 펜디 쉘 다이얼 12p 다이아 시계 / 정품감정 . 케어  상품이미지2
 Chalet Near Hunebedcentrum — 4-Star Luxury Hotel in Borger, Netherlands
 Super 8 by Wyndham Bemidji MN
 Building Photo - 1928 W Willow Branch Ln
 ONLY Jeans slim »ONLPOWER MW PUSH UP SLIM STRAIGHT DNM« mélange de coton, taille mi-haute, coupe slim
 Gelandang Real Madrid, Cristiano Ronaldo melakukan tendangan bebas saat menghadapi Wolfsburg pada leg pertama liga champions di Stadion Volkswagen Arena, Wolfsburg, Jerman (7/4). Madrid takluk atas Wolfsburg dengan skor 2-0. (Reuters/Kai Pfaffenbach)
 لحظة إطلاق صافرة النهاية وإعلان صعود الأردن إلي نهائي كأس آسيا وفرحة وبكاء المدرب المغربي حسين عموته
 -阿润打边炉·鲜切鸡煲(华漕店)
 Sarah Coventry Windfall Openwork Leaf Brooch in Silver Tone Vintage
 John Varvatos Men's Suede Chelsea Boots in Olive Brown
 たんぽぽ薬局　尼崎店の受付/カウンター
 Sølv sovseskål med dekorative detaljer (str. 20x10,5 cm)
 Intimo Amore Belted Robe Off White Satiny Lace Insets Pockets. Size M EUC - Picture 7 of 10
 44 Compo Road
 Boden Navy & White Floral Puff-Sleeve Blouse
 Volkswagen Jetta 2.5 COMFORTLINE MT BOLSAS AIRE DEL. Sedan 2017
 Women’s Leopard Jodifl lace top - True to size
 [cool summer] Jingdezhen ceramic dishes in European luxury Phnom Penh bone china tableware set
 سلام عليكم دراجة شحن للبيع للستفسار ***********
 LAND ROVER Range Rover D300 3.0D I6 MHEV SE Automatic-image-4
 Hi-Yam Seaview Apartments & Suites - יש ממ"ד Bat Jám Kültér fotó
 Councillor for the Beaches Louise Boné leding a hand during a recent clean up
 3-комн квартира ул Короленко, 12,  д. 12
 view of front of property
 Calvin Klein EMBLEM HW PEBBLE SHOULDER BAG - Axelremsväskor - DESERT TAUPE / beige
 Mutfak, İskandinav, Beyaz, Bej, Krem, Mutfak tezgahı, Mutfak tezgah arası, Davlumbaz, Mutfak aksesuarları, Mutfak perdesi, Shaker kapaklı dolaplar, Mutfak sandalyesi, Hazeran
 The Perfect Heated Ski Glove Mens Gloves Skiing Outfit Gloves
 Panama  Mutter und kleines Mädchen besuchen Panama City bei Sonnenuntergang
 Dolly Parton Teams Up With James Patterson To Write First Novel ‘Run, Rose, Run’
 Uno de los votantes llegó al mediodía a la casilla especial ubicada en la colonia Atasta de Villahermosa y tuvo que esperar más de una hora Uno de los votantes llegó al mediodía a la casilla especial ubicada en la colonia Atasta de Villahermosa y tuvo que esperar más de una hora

## What you should do
Whenever the string "Volkswagen" occurs in a line of the entries above, copy that line.

## Response
 Gelandang Real Madrid, Cristiano Ronaldo melakukan tendangan bebas saat menghadapi Wolfsburg pada leg pertama liga champions di Stadion Volkswagen Arena, Wolfsburg, Jerman (7/4). Madrid takluk atas Wolfsburg dengan skor 2-0. (Reuters/Kai Pfaffenbach)
 Volkswagen Jetta 2.5 COMFORTLINE MT BOLSAS AIRE DEL. Sedan 2017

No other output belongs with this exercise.